A beneficial tenant in common who continued to live in a property following the voluntary bankruptcy of her husband could be required to pay rent to the bankrupt’s estate for that continued occupation.
This was held in the Chancery Division on appeal by Jeremy French, trustee in bankruptcy of Peter Barcham, husband of the second respondent, Bernadette Barcham, against a prior dismissal of his application to be credited with rent from Mrs Barcham for her continued occupation, following her husband’s bankruptcy, of a property they owned.
The lower court judge had held that anyone seeking compensation for a restriction or exclusion of the right to occupy trust land must fall within the constraints set out in Sections 12 - 15 Trusts of Land and Appointment Act 1996. As the trustee was not a beneficiary entitled to occupy the land under Section 12, then he was not entitled to charge rent.

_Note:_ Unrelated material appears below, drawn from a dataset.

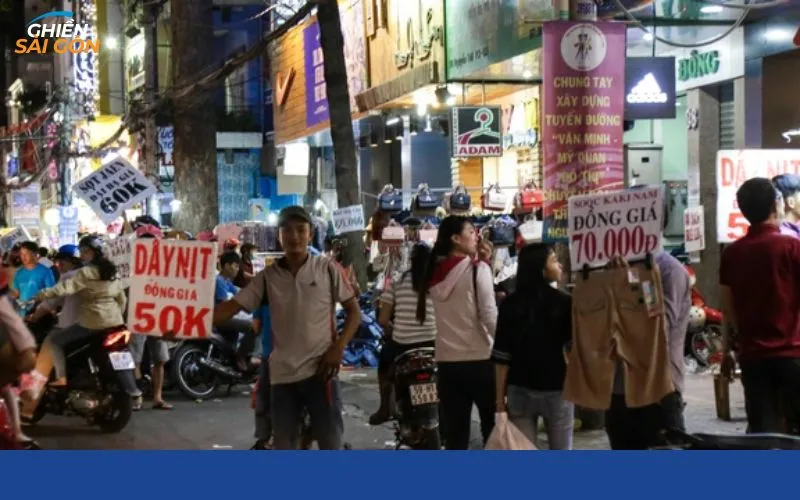 Không gian đô thị dọc đường Nguyễn Trãi, thể hiện sự phát triển và nhu cầu chỉnh trang hạ tầng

But Mr Justice Blackburne said these sections did not provide an exhaustive regime for compensation for exclusion of a beneficiary from occupation of property held subject to a trust of land and that the district judge had been wrong to find that as the trustee could not establish an entitlement to compensation under section 13(6), his application to be credited with an occupation rent necessarily failed.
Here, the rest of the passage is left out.